Problem requirements
Which lines to output? The line containing "this 845×633 image." and every line after it in the data below, each copied exactly.

____________

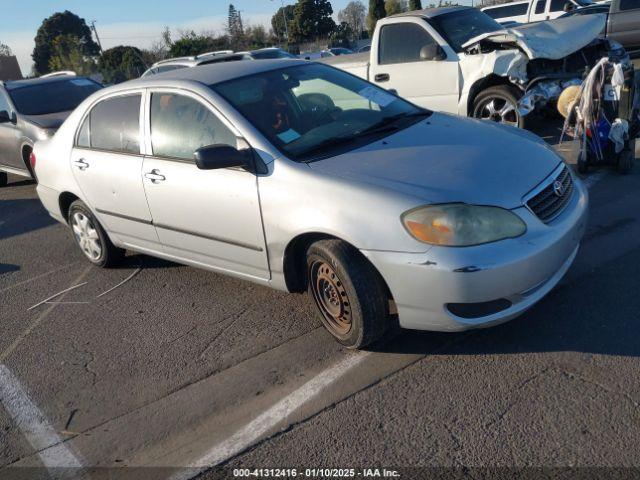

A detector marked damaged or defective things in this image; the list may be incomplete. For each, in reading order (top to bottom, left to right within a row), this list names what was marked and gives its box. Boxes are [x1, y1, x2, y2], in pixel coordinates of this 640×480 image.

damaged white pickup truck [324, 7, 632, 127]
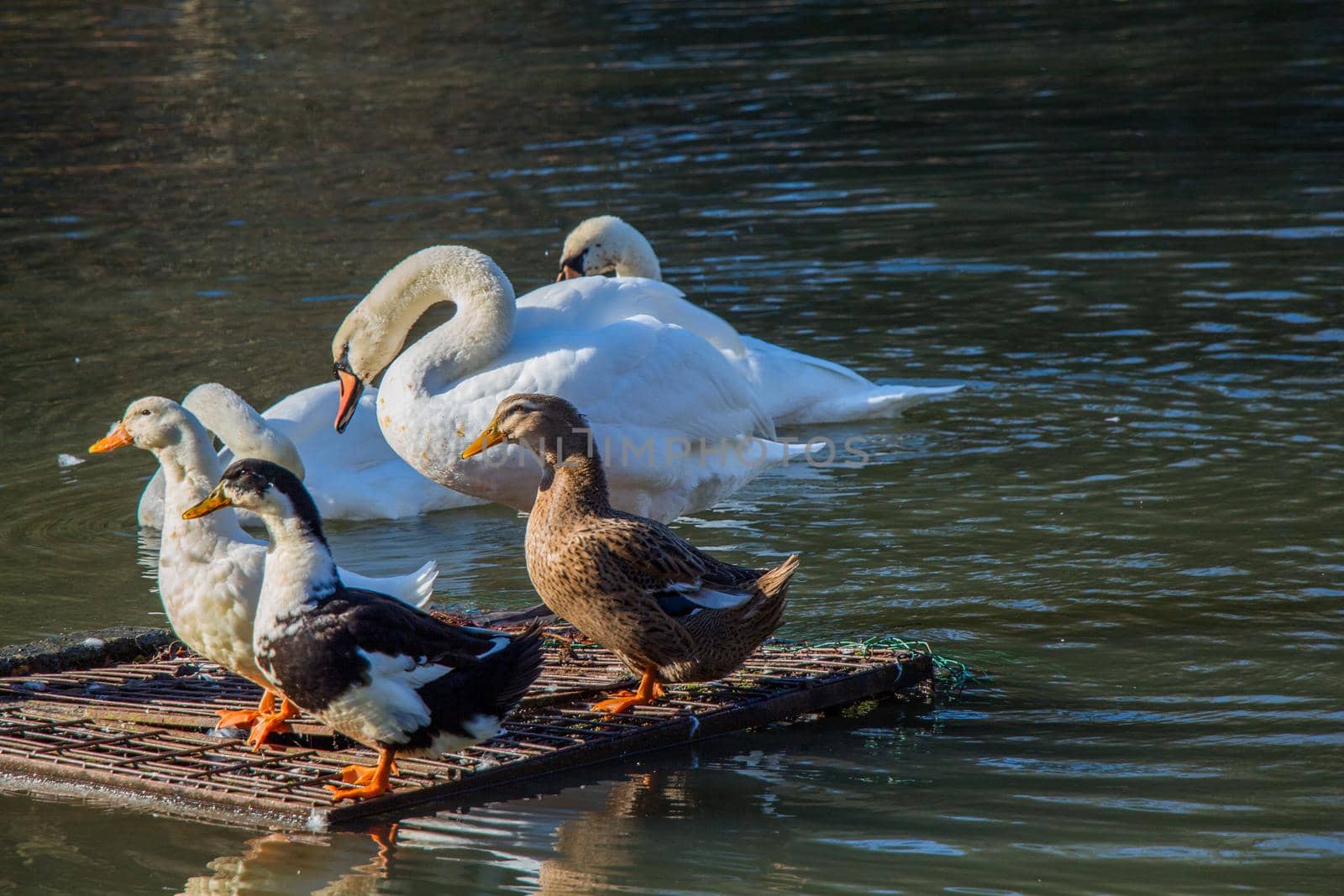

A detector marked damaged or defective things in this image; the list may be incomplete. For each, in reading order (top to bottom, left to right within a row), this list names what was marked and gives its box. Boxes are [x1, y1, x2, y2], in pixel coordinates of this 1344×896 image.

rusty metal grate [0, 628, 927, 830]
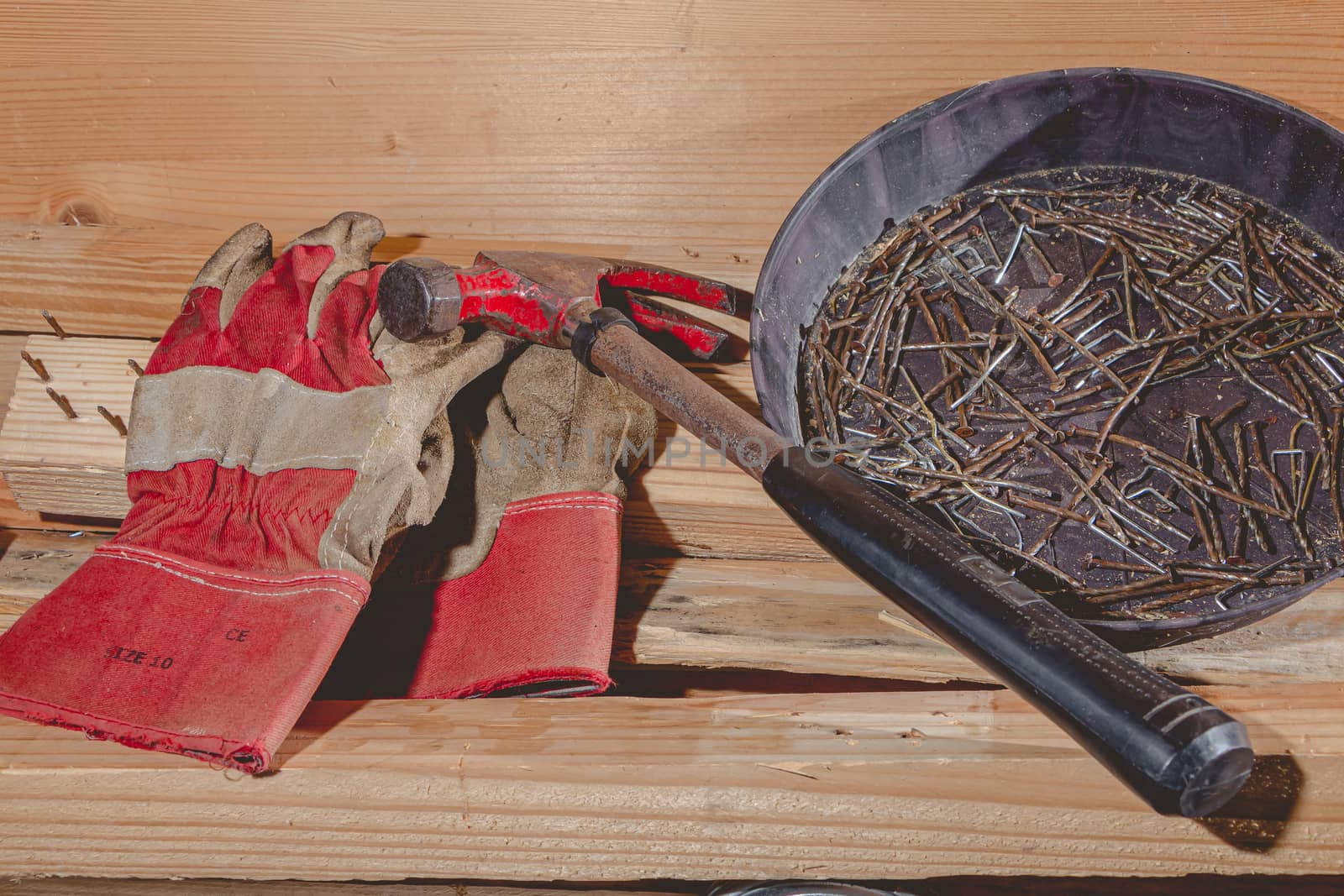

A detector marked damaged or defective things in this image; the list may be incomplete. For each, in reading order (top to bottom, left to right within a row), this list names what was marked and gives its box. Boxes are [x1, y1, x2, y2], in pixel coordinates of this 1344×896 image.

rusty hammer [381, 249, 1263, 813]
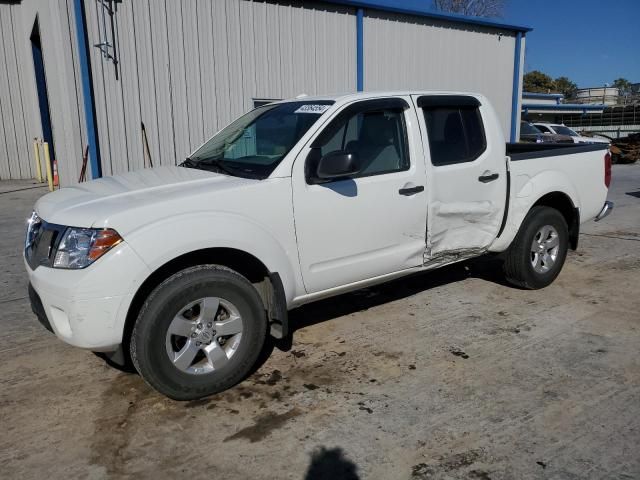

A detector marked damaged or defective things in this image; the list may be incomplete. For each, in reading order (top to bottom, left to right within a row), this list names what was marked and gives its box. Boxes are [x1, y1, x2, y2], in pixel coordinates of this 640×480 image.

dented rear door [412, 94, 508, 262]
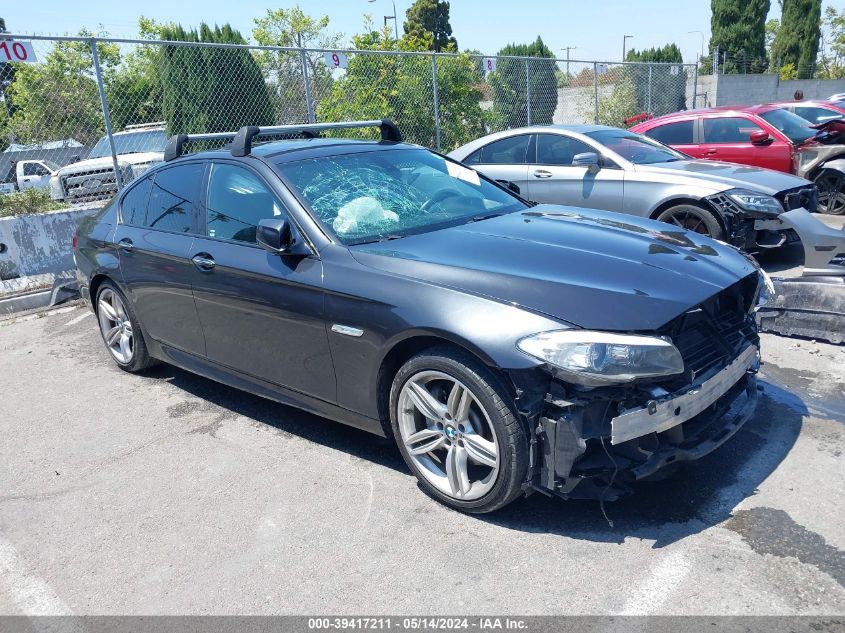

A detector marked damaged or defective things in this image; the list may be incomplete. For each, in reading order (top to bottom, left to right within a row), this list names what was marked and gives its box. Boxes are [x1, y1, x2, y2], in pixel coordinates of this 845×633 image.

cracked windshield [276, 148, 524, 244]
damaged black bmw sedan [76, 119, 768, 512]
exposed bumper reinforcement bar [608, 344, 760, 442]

____________

Response to the exercise
A detector marked damaged or defective things in this image; the list may be incomplete. For each, in reading order (top to bottom, left to right within a row), this list names what was marked and gives its box. Boxes are [x1, y1, x2, y2], in pixel coordinates of this 845×633 image.

cracked windshield [276, 148, 524, 244]
damaged black bmw sedan [76, 119, 768, 512]
exposed bumper reinforcement bar [608, 344, 760, 442]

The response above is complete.